Data availability: This study used the UK Biobank resource under application number 69328 granting access to the corresponding UK Biobank genetic and phenotype data. The UK Biobank received ethical approval from the North West Multi-centre Research Ethics Committee (REC reference: 11/NW/0382) to obtain and disseminate participant data and samples (http://www.ukbiobank.ac.uk/ethics/).
Study 2. Flatiron - EHR-based Analyses
Data source
Flatiron Health's nationwide electronic health record (EHR)-derived database includes deidentified data from ~ 280 US cancer clinics (~ 800 sites of care). The database is longitudinal, comprising de-identified patient-level structured and unstructured data, curated via technology-enabled abstraction30,31. The majority of patients in the database originate from community oncology settings; relative community/academic proportions may vary depending on study cohort. Institutional Review Board approval of the protocol was obtained prior to study conduct and included an informed consent waiver.
Included in our study were women aged at least 18 years old at the time of initial cancer diagnosis, and who had:
- Early Breast Cancer. The cohort includes a probabilistic sample of patients with a diagnosis of Stage I - III Breast Cancer on or after January 1, 2011, including those who presented with non-metastatic disease but who subsequently developed recurrent or progressive disease, with at least two visits occurring on or after January 1, 2011 or -
- Metastatic Breast Cancer. The cohort includes a probabilistic sample of patients diagnosed with Stage IV breast cancer on or after January 1, 2011, and those who presented with earlier stage breast cancer but who subsequently developed metastatic disease on or after January 1, 2011, and who had at least two clinic encounters evident in the database occurring on or after January 1, 2011.

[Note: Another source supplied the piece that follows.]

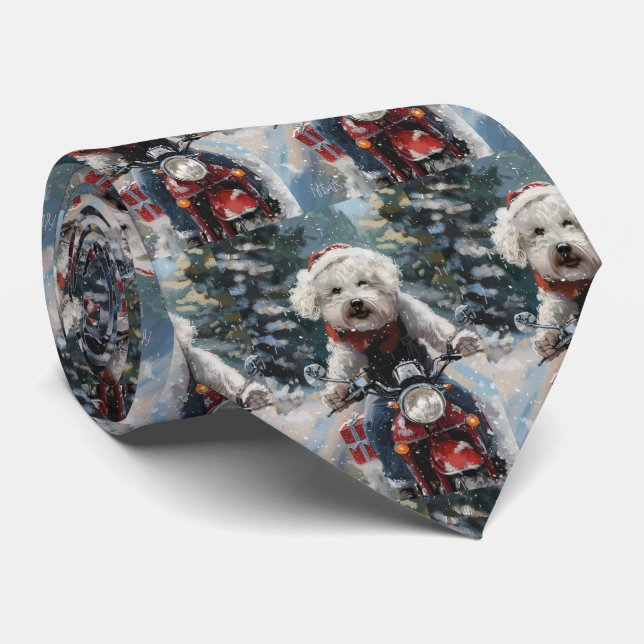 Bichon Frise Hund Kör Motorcykel Jul Slips (Rullad)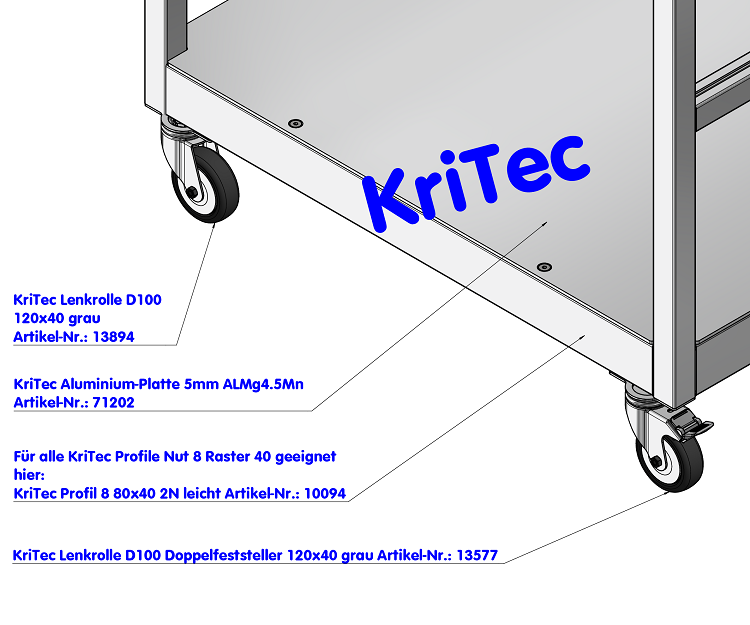 KriTec Lenkrolle D100 120x40 grau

- Adult female patients ages 18+ years at the initial diagnosis
Real-world data source: The index date was defined as the date of the initial diagnosis of breast cancer. The COVID-19 status was defined positive if any COVID diagnosis (ICD codes B97.29, B97.21, J12.81, B34.2, U07.1) was made after the index date, and before the diagnosis of lung metastases or the last follow-up date. The start date of COVID-19 positivity status was the earliest COVID-19 diagnosis date. Baseline characteristics of gender, race, ethnicity, and age at index date were obtained from structured data.
Analyses: Baseline characteristics were summarized using descriptive statistics. Cause-specific analysis was conducted (death was censored). Univariable and multivariable Cox Proportional Hazard Models were used to evaluate the effect of COVID-19 diagnosis on the risk of metastasis to the lungs, in which COVID-19 diagnosis status was treated as a time varying covariate. The multivariable model adjusted for patient characteristics considered relevant, including age, race ethnicity, and gender. The unadjusted and adjusted hazard ratio with the corresponding 2-sided 95% confidence interval were reported. The two-sided likelihood ratio tests were conducted. The significant level was 0.05. Time to metastases to the lungs was defined as time from index date to date of metastases to the lungs. Patients without a date of pulmonary metastases were censored at the last confirmed activity date or death. Last confirmed activity was defined as the latest date of vitals record, medication administration, or reported laboratory tests/results. The statistical analyses were conducted using R version 4.1.035.